Base Command Manager / Bright Cluster Manager Release Notes
Release notes for Bright 9.1-7
== General ==
- Fixed Issues
* Critical cmdaemon security issue
* Critical NVIDIA DCGM security issue
- Improvements
* Added CUDA 11.3 packages
* Updated mlnx-ofed49 to version 4.9-3.1.5.0
* Updated mlnx-ofed52 to version 5.2-2.2.3.0
* Updated cuda-driver to version 460.73.01
* Updated cuda11.2 to version 11.2.2
* Updated cm-nvidia-container-toolkit to version 3.5.0.

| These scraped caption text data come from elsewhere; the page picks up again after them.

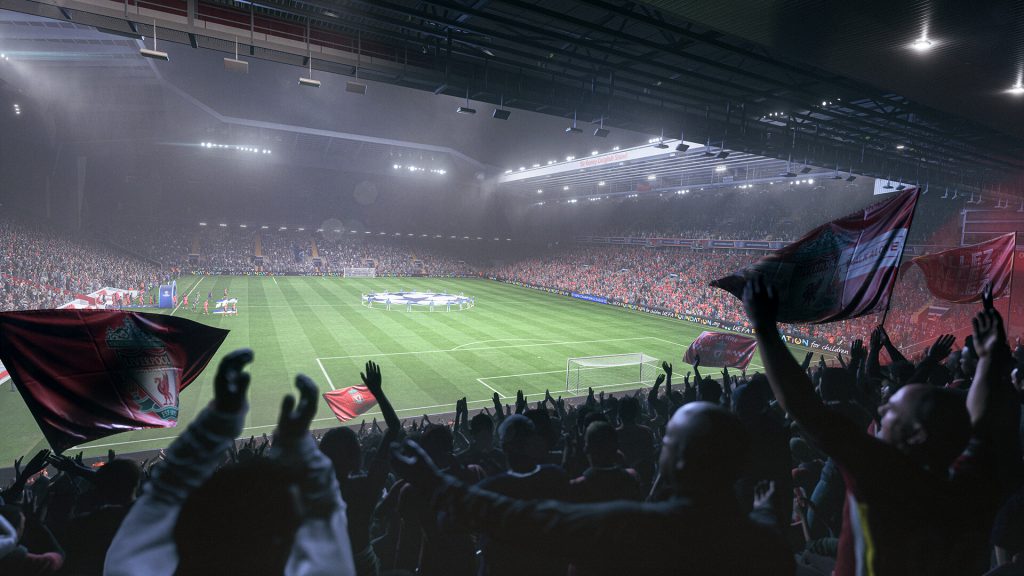 خرید بازی EA SPORTS FC 26 برای استیم ارزان و فوری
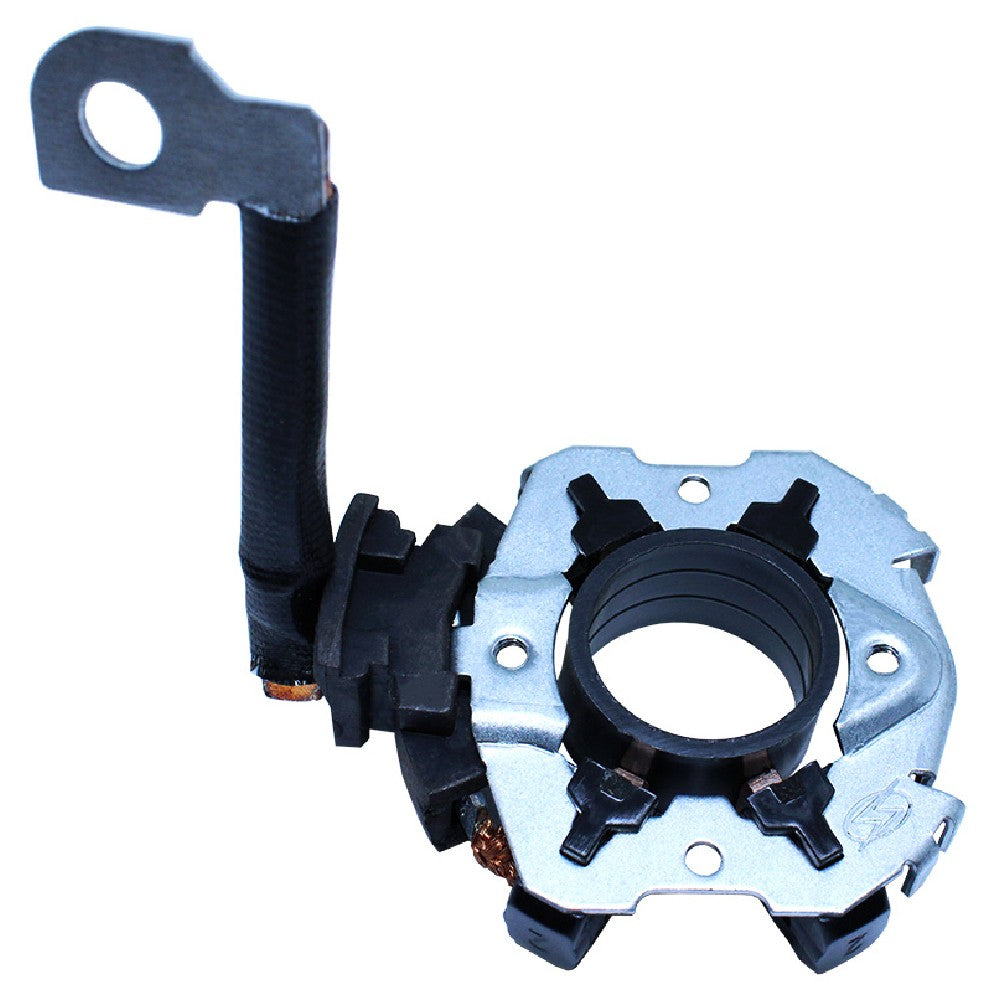 Porta Escovas para Motor de Partida com 4 Escovas - Unifap - 1.222/4 - (2)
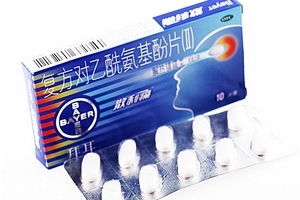 散利痛能治頸椎病嗎？散利痛對頸椎無效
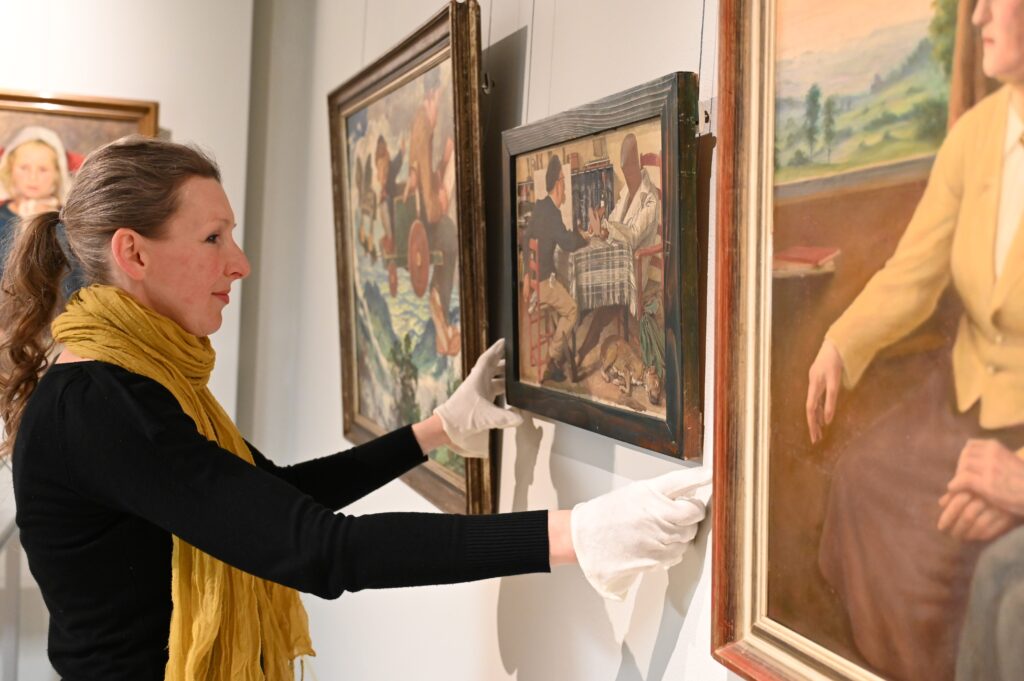 Schlesisches Museum zu Görlitz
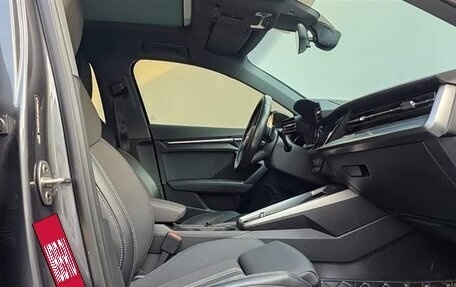 Audi A3, 2022 год, 1 710 000 рублей, 7 фотография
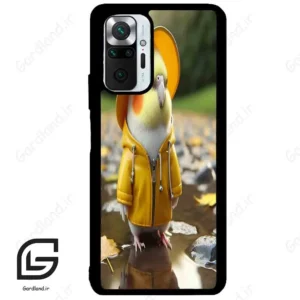 قاب گوشی شیائومی ردمی نوت 10 پرو (Redmi Note 10 Pro 4g ) طرح فانتزی کد 2844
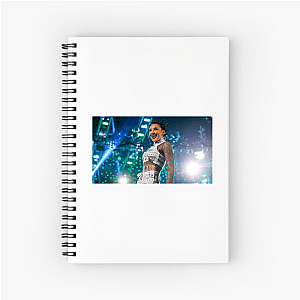 Chaos Queen Shotzi Shotzi Notebook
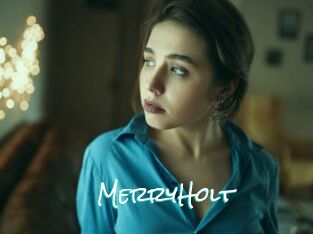 MerryHolt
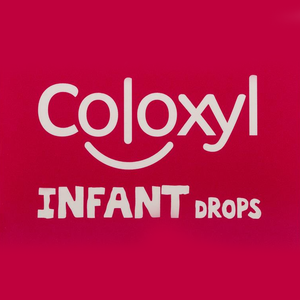 Coloxyl Infant Drops - 30mL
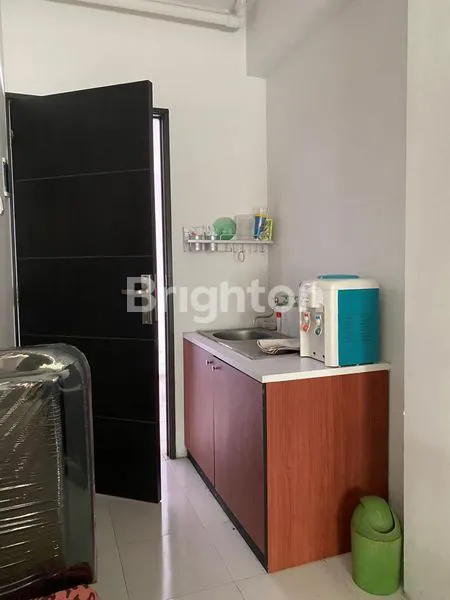 image APARTMENT MENARA RUNGKUT FULL FURNISH (3)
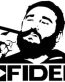 Fidel Diecut Celeb Decals 1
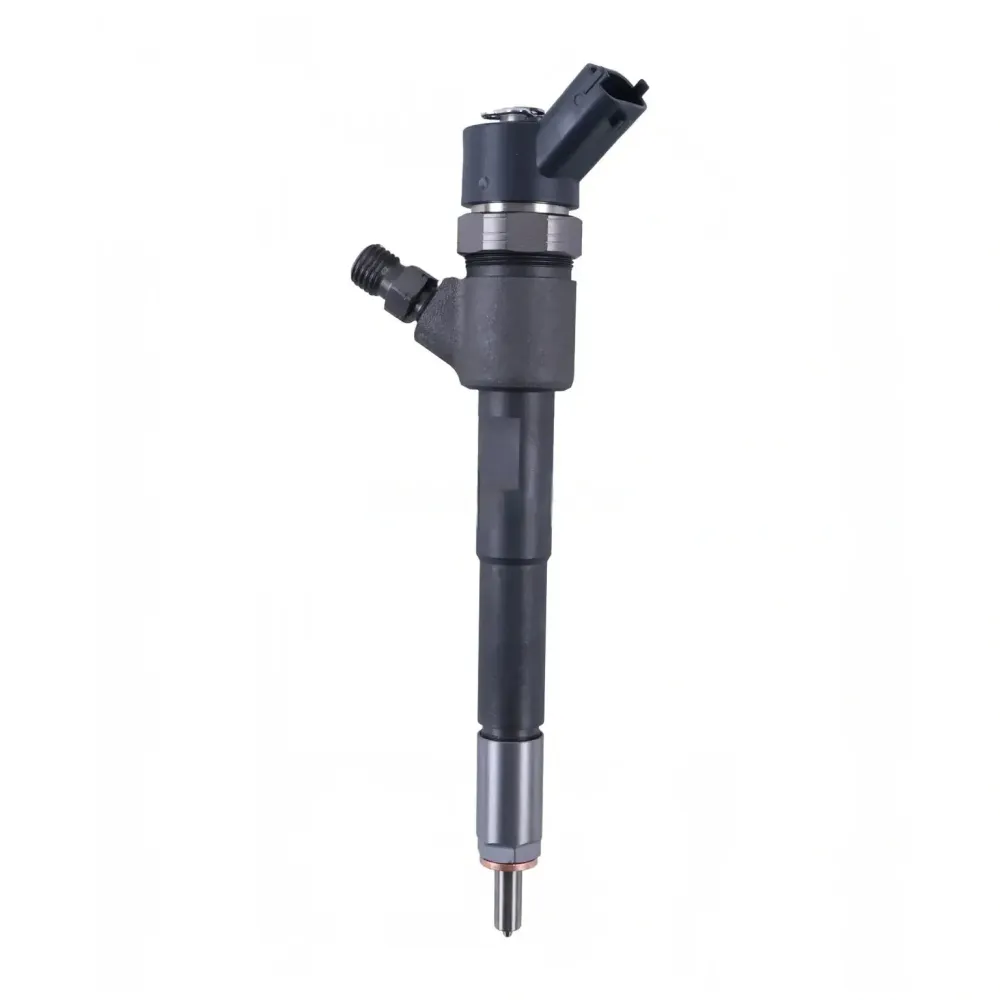 Polttoainesuutin 006013026H1 0445110545 Mahindra Tractorille 2555 2565 2655 2660 2665 2670 4565 5555 5565 5570 6065 6075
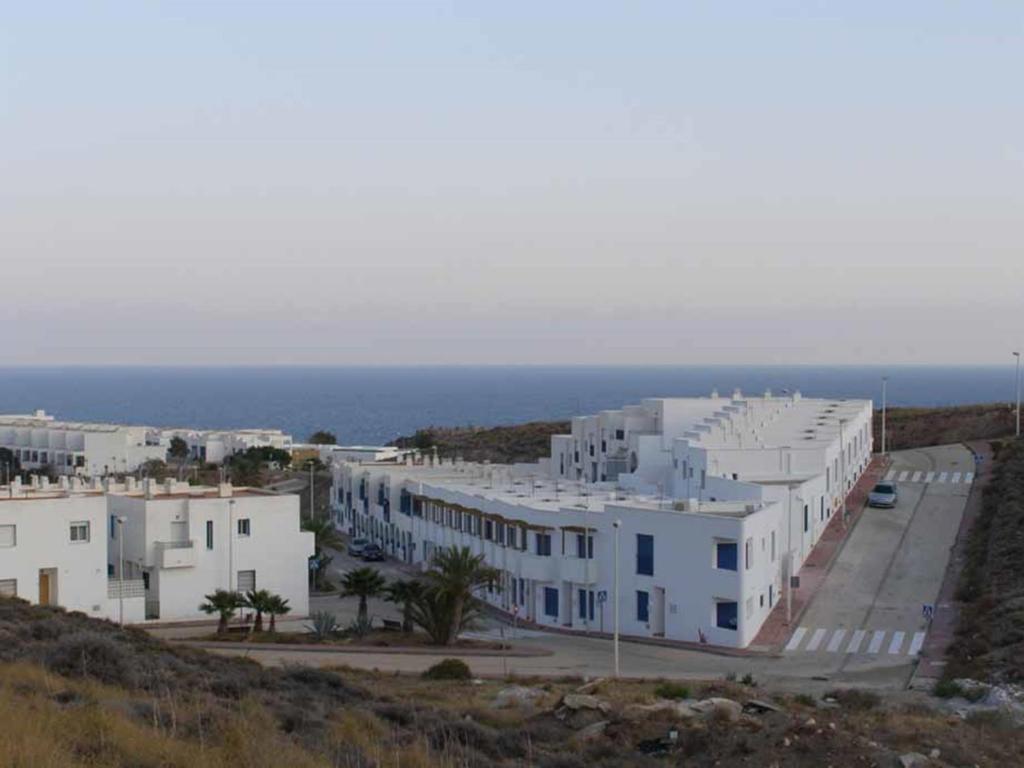 Appartement Casa La Isleta Parque Natural (Spanje La Isleta ...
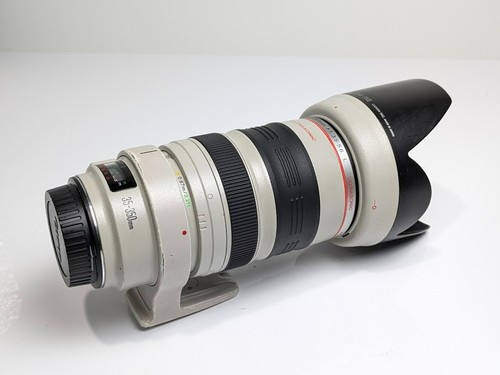 Objectif zoom canon - zoom, ef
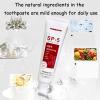2pcs Sp-5 Toothpaste Sp 5 Teeth whitening WE2C whitening Toothpaste brightening Stain Removal Toothpaste Repairing Toothpaste view 4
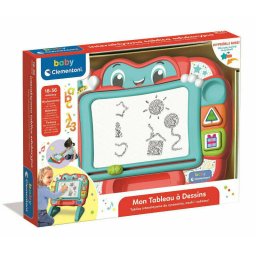 Tablă educațională interactivă Clementoni 50927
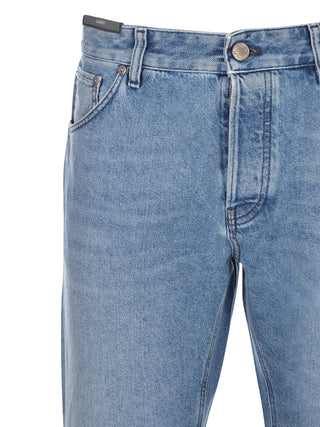 Jeans Pt Torino Rebel - RP05B0-AW0270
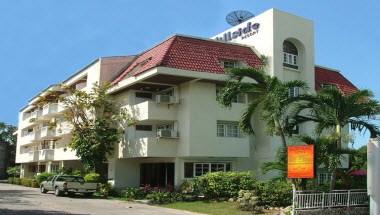 Hillside Resort Pattaya in Pattaya, TH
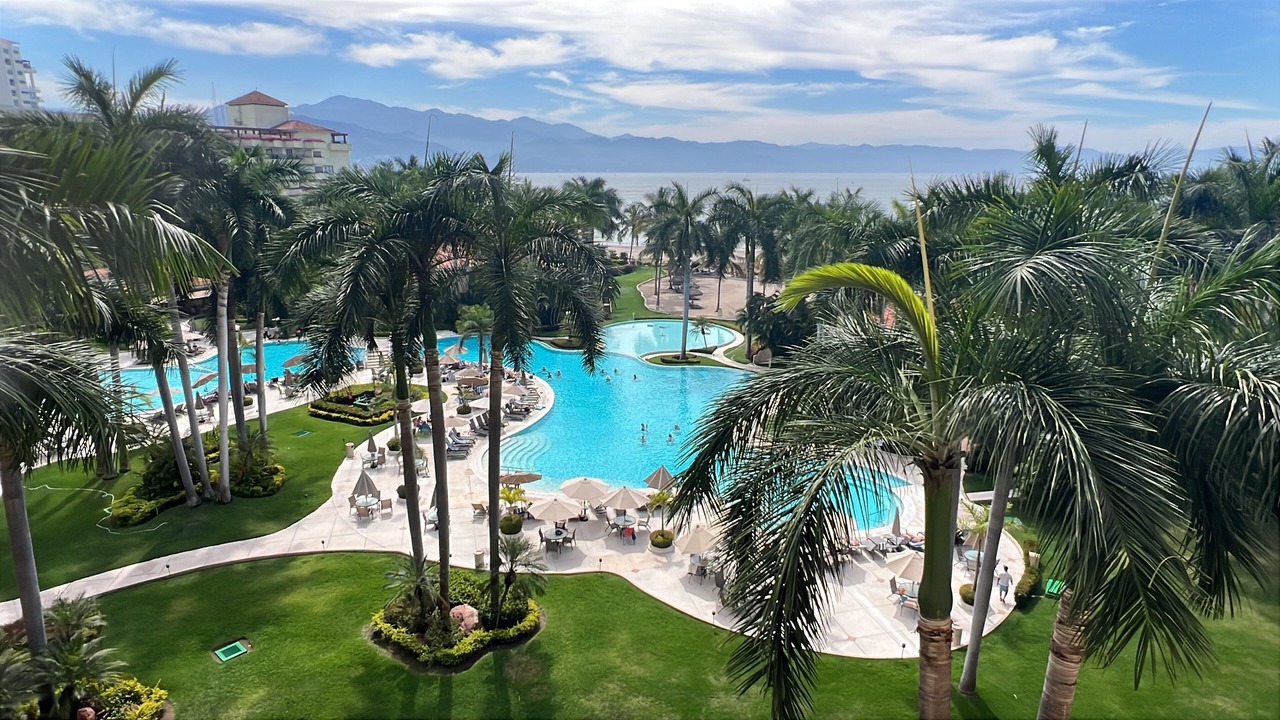 Photo of Outdoor in Marina Vallarta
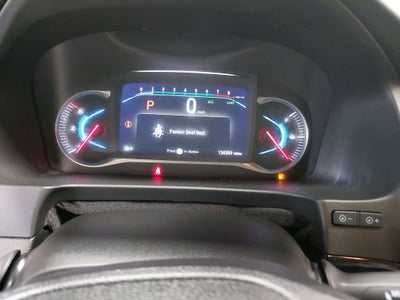 2019 Honda Passport Touring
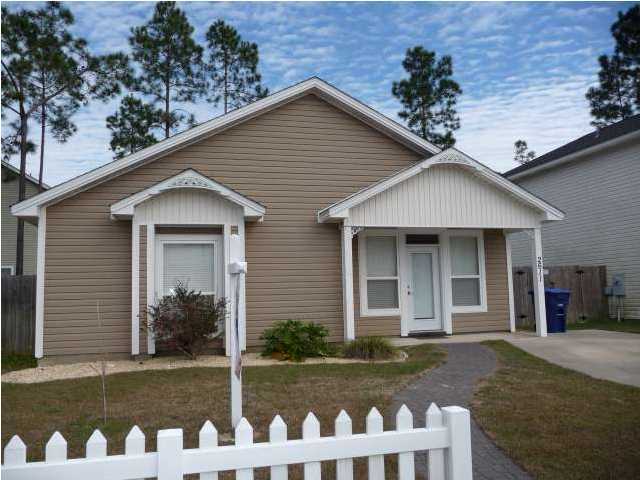 Avondale Estates - Residential Lease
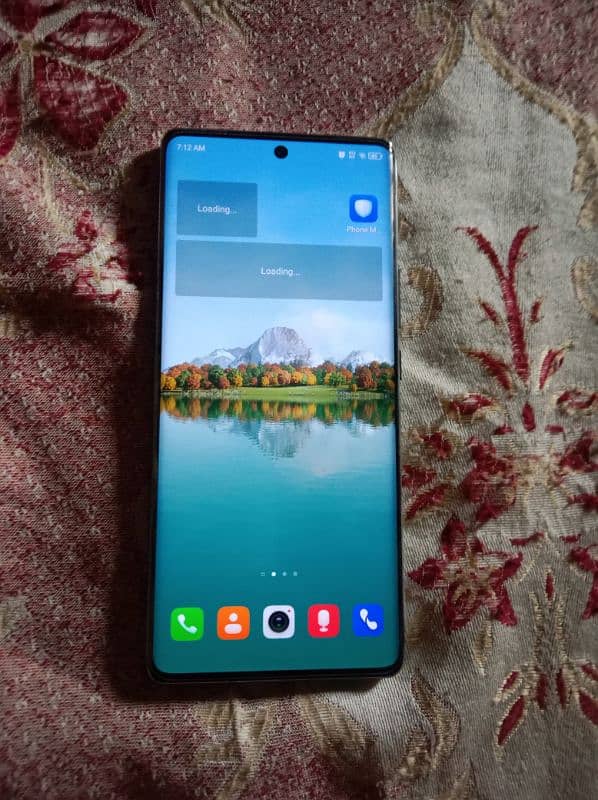 tecno spark 20 pro plus 1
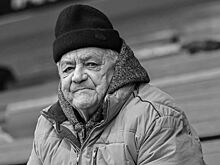 Ушёл из жизни ветеран «Трактора» Валерий Пономарёв в возрасте 76 лет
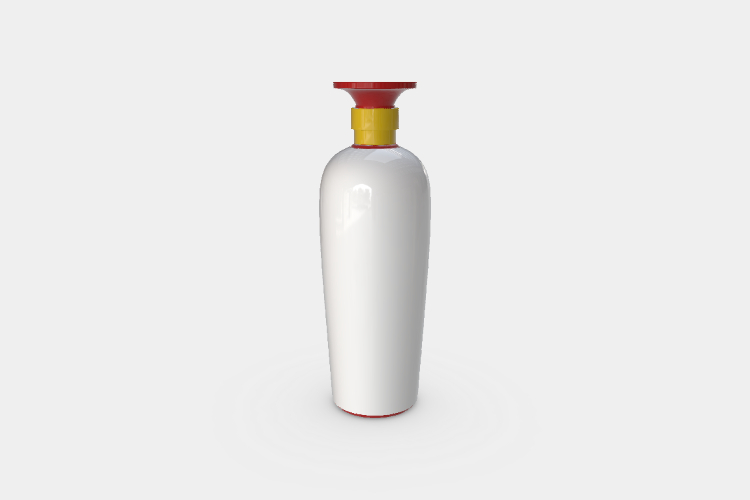 Ceramic Bottles 9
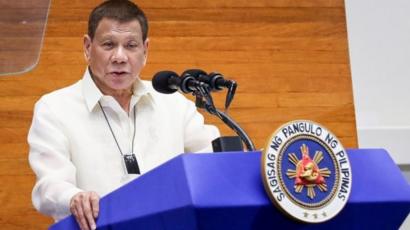 PHILIPPINES – SOCIAL: Mobilisation syndicale internationale pour les travailleurs de l’archipel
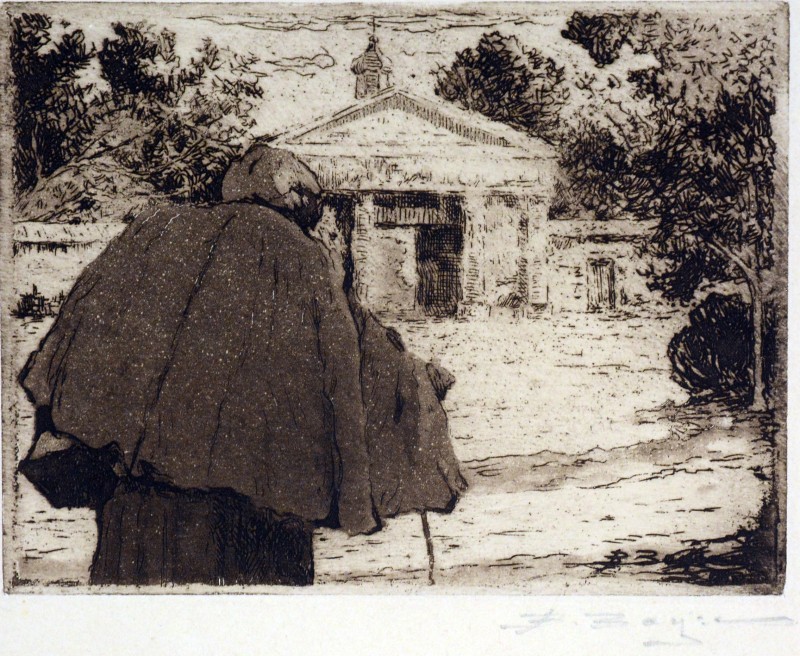 Одеса. Великий Фонтан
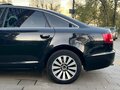 2004 Audi A6 III (C6), чёрный - вид 11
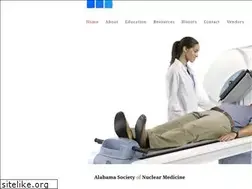 Sites similar to alabamanucmed.org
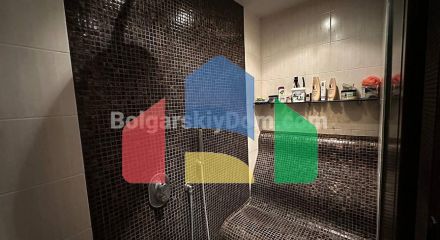 Трикімнатна квартира в Атлантіс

* In some cases, RHEL7u6 Dell kmod packages were added to RHEL7u8/7u9 ISOs
* Changed the default Bright repositories definitions on Ubuntu from using a mirrorlists to using the us-east server by default, to avoid an issue where apt may hang while trying to access the servers when using mirrors
* The administrator can select a geographically-close Bright Ubuntu packages server from the list in the cm.list and cm-ml.list files in /etc/apt/sources.list.d/
== cmdaemon ==
- New Features
* New adv. config. option WlmDefaultDrainMessage allowing to change the default drain message
* Ability to define (mode,type) conditional extra rsync arguments
* New configurable job_metadata_last_change_timestamp metric
* New metrics UsedFiles and FreeFiles for each mount point
* New contiguous memory metric
* Allow to specify a per-network security group id for extra network interfaces of cloud nodes in AWS
* Added extra checks for a rare crash in head nodes IPs RPC
* Allow for occupation rate to be sampled for other groupings than the partition
* New adv. config. option RsyncAlwaysExclude allowing for a global exclude list to be added to all rsyncs
* Improved power scheduler, now using less CPU when more than 128 operations are done in parallel
* Added cmd.service hooks so that start, stop, or crashes can be reported other than by email
- Fixed Issues
* Possible cmdaemon crash when setting head node rack positions (different racks)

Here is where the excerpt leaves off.